Vang, topping lift, traveler.
Well, you want the topping lift slack, so it doesn't fight your mainsheet when trimming close-hauled. Otherwise, forget the topping lift (except maybe in zero air if the mainsail leech is too tight).
Vang. Use it downwind, keep fairly tight to keep the boom down and avoid too much twist in the sail. Upwind, if you have one, you use the....
Traveler. If windy, ease it to lee a little, or a lot. Once the mainsheet is close-hauled, it becomes your up/down leech loosener/tightener, which helps you flatten or make fuller, the Main. The traveler then is your in/out control (like a mainsheet, but with a narrower range. Use leech telltales to see how the leech tension and twist are, you want them to flow aft.
Way more to say about all the above, but many web sites say it better, and longer.
You didn't mention halyard tension (or cunningham, or downhaul if a sliding gooseneck), outhaul, or backstay. Generally tightening them flattens the sail (for windy conditions, or for smoother water), loosening makes it baggier for lighter air or choppy sea (like a lower gear on a car or bike).
then there's the jib. same deal re halyard tension, and fore/aft side/side angle for the jibsheet leads.
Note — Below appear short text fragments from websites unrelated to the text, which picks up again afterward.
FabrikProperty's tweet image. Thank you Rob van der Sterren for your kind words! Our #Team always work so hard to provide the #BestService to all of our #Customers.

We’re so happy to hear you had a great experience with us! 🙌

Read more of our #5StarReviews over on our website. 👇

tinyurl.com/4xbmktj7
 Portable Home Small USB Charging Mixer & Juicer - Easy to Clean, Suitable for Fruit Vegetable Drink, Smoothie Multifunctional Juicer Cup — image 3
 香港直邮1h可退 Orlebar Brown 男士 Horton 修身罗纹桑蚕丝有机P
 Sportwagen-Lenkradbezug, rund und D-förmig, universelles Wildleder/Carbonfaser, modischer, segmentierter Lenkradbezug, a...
Much depends on the boat, the sails, and the conditions. Racing's boatspeed first, then clear air above all, tack on headers, stay on lifts, don't be over at the start, don't pinch too much, don't foot too much, mark you ballot carefully, and keep the ball low...;-)
Enjoy racing. Best sailing school there is. Eventually someone else's ass will be getting kicked, you're up to mid-fleet, and liking it a lot more.
Okay, this will get it started? others chime in with better pointers than me.